It was known, once upon a time, as Blunder Country.


Richlands, about 18km south-west of the Brisbane CBD, is a semi-rural enclave with views north to a distant Mt Coot-tha and its spikey television towers.


In the 19th century, an American bullock and braggart known as Bill the Blower hunkered down in a gully in this area with his two colleagues and, during a three-day bender, polished off a barrel of beet.


According to historian Sue Kaeys, Bill boasted he’d neved committed an error with his bullock teams. Tired and hungover, his mates left him in the gully, assuming he would follow, and headed into Brisbane. When they went back to look for him, they found him driving his team back to town – without his wagon. So Blunder Country it became.


In more recent times the region was home to vegetable gardens, honey makers and Italian farmers producing delicious table grapes. It is a classic fringe-of-the-city suburb.


But the pond-ripples of the modern metropolis have started to wash through it.


On Government Rd, for example, one side is standard suburbia with homes and drivesways.


On the other, a nod to old Richlands – gated acreage properties with horse floats. Nearby paddocks now jostle with new taverns and sports bars, childcare centres, fast-food outlet and streaming peak-hour traffic from neighbouring Forest Lakes.

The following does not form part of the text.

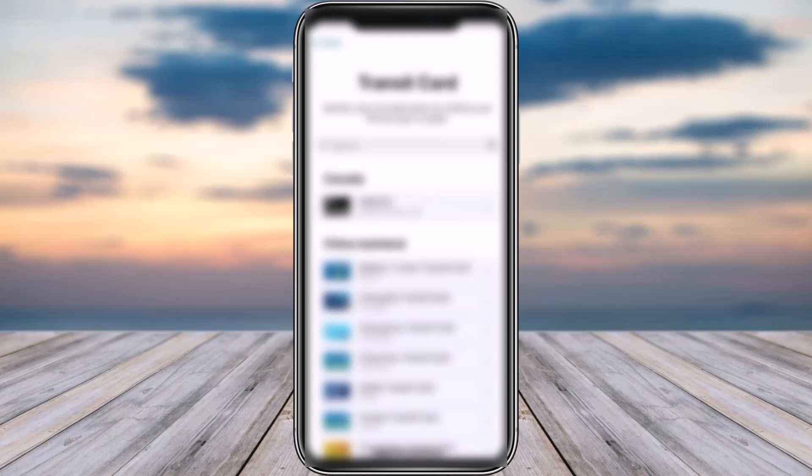You should find the transit cards in the list. If you do not find it, go to search and type in 'Nol'. Once you find your Nol card, tap on it, fill in the necessary information it asks for, tap on 'Connect', confirm, and you're good to go — your card will be added to your wallet.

Liz Cameron, a former resident of Government Rd, was checking the sweet potatoes, silver beets and Asian basil in her garden in February 2001 when she noticed a proliferation of ant nests. There were others near the chicken coop. When she and her children were bitten by these ants – the sting was acutely painful – the family took samples to the department of primary industries. 

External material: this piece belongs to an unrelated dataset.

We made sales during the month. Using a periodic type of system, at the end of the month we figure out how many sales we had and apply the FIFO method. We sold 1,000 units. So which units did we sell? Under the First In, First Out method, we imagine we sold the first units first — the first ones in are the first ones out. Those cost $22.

The Camerons had unwittingly discovered the presence of the potentially deadly red imported fire ant – one of the world’s most invasive insects, believed to have hitched a ride to Australia from the southern US on a container ship. Their home was declared Infected Property One.

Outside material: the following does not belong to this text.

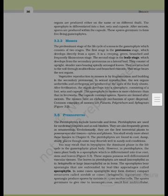The pteridophytes include horse tails and ferns. They are used for medicinal purposes and as soil binders, and are frequently grown as ornamentals. Evolutionarily, they are the first terrestrial plants to possess vascular tissues, i.e. xylem and phloem. The pteridophytes are found in cool, damp, shady places, though some may flourish in sandy soil conditions.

More than 12 years later, after millions of baiting treatments, reams of data collected, chemical nest injections, aerial surveillance and $270 million spent, the ants are still with us and their footprint continues to expand.


Has this resilient pest finally beaten us? Or has it been a case of bureaucratic bungling? Blunder Country, indeed.


WE’VE BEEN HERE BEFORE. IN EARLY 2006, QWEEKEND VISITED THE FORMER Oxley Secondary College on Seventeen Mile Rock Rd in Brisbane’s west – headquarters to the government’s Fire Ant Control Centre – to report on the state of the eradication program.


At that stage, the ant had officially been terrorising parts of Brisbane and South-East Queensland for five years following its discovery on Liz Cameron’s Richlands property, and at the Port of Brisbane, in 2001.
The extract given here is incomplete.